Multiple Sklerose zeichnet sich durch eine Vielzahl von Störungen aus
Multiple Sklerose (MS), eine Krankheit, von der schon seit einiger Zeit bekannt ist, dass sie eine Vielzahl verschiedener Erkrankungen umfasst, die jeweils maßgeschneiderte Behandlungen erfordern, wurde von Forschenden der Universität Basel und des Universitätsspitals Basel erneut untersucht. Sie beschreiben eine potenzielle neue MS-Variante der Krankheit und veranschaulichen den Prozess ihrer Identifizierung.
Verstehen der Zusammensetzung von MS
MS, die durch Entzündungsherde im zentralen Nervensystem gekennzeichnet ist, entsteht, wenn das körpereigene Immunsystem die Myelinscheide der Nervenzellen angreift und abträgt. Die Realität der Krankheit ist jedoch komplexer. Sie kann zu einer Reihe von neurologischen Symptomen wie Parästhesien und Lähmungen der Gliedmaßen führen, die sich entweder allmählich oder abrupt verschlechtern. Die spezifischen Teile des Nervensystems, die betroffen sind, sind von Mensch zu Mensch sehr unterschiedlich. Ein Patient kann gut auf eine bestimmte Behandlung ansprechen, während sich sein Zustand bei einem anderen verschlimmert.
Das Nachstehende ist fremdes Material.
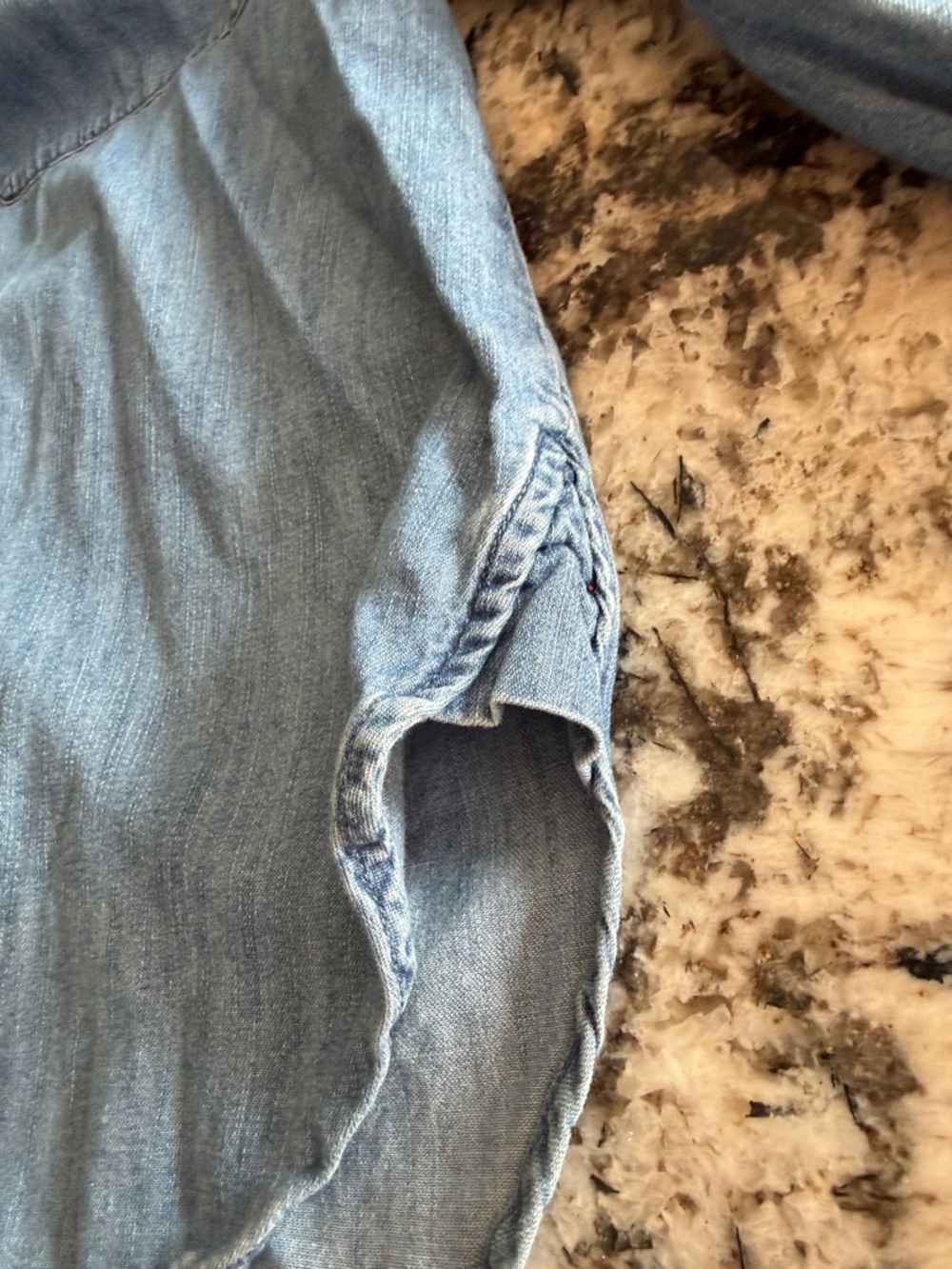 LOFT Women’s Light Denim Button-Down Shirt - Picture 8 of 9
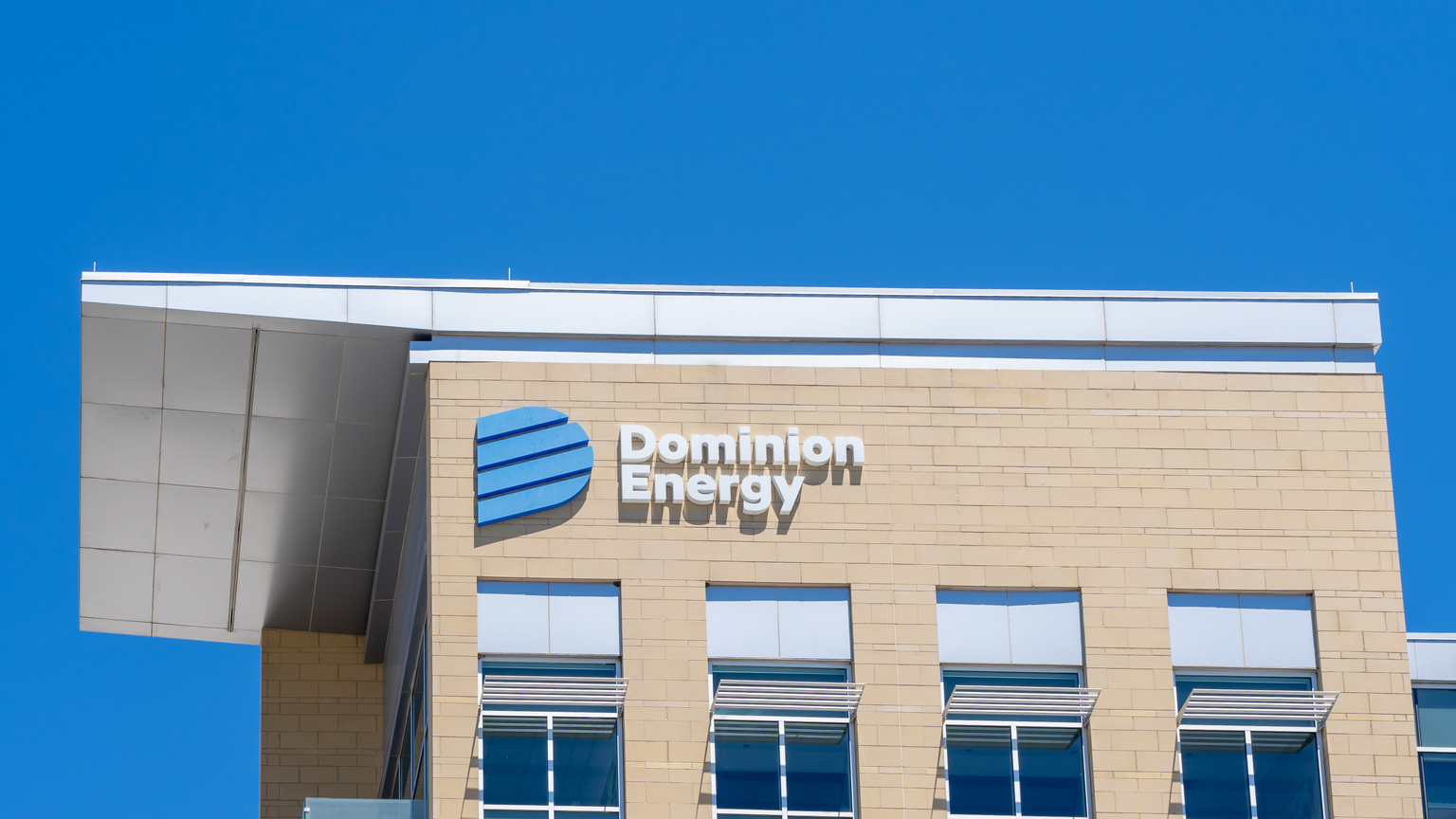 seekingalpha.com - The Curious Analyst - Dominion Energy: The NextEra Merger Could Unlock The AI Power Trade (NYSE:D)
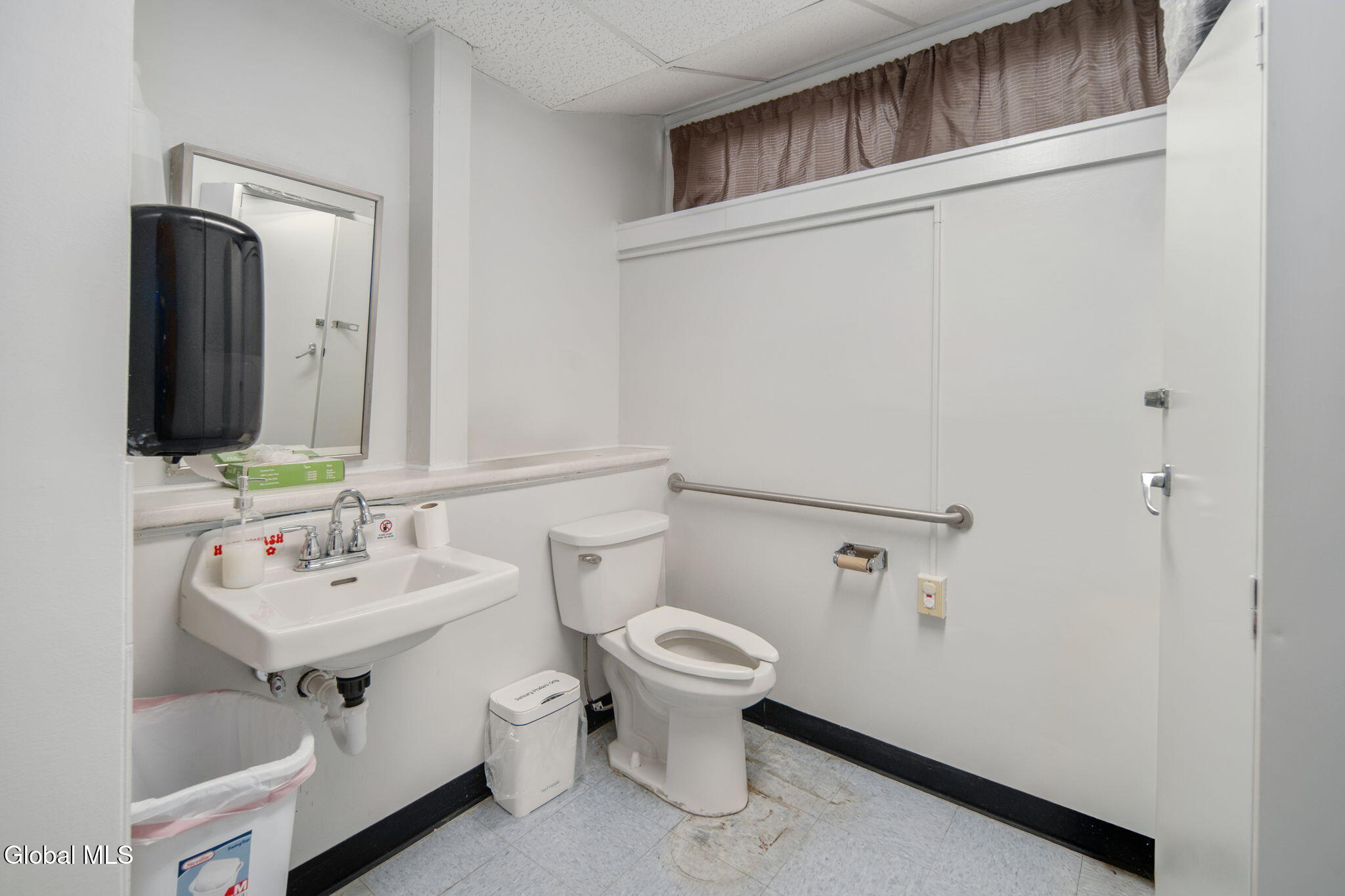 4956 Ny-30 Schoharie NY 12157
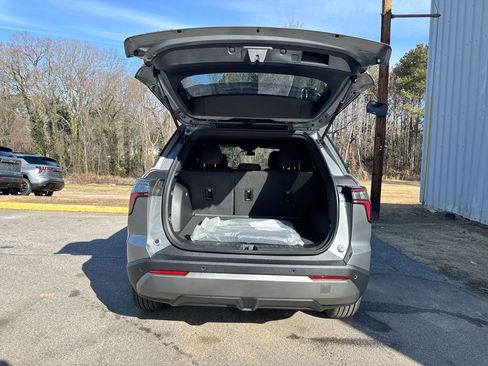 New 2026 Chevrolet Equinox LT image 33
Entschlüsselung der vielfältigen Natur von MS
“Die Vielfalt der entzündlichen Autoimmunerkrankungen des zentralen Nervensystems, wie die Multiple Sklerose, ist immens”, erklärt Professor Anne-Katrin Pröbstel von der Universität Basel und dem Universitätsspital Basel. In den letzten zehn Jahren haben Forschende langsam die einzigartigen Merkmale von “atypischen” MS-Fällen aufgedeckt. Eine Handvoll dieser Erkrankungen, die zwar ebenfalls mit einer Zerstörung der Myelinscheide einhergehen, haben eindeutige Namen erhalten, um sie von MS zu unterscheiden. Bei diesen Erkrankungen treten typischerweise Entzündungen im Rückenmark oder in den Sehnerven auf.
Einblicke aus einer Patient:innenstudie
In einer Studie, an der etwa 1.300 Patient:innen teilnahmen, entdeckte Pröbstels Team einen Biomarker, der auf eine separate MS-Variante der Krankheit hinweisen könnte. Die Ergebnisse wurden in der Zeitschrift JAMA Neurology veröffentlicht.
Biomarker-Entdeckung: Spezifische Antikörper
Ein als Immunglobulin A (IgA) bekannter Antikörpertyp wurde bei einer Gruppe von Patient:innen identifiziert. Dieser Antikörper richtet sich gegen einen Teil der Myelinscheide, der als “MOG” (Myelin-Oligodendrozyten-Glykoprotein) bezeichnet wird. Es ist allgemein bekannt, dass IgA-Antikörper die Schleimhäute schützen.
Die genaue Funktion von MOG-IgA bei dieser Autoimmunerkrankung bleibt jedoch ein Rätsel. “Die Patienten leiden typischerweise an Entzündungen, vor allem im Rückenmark und im Hirnstamm”, erklärt Pröbstel. Andere typische Biomarker, die mit MS oder ähnlichen Krankheiten korrelieren, fehlten in dieser Patient:innengruppe.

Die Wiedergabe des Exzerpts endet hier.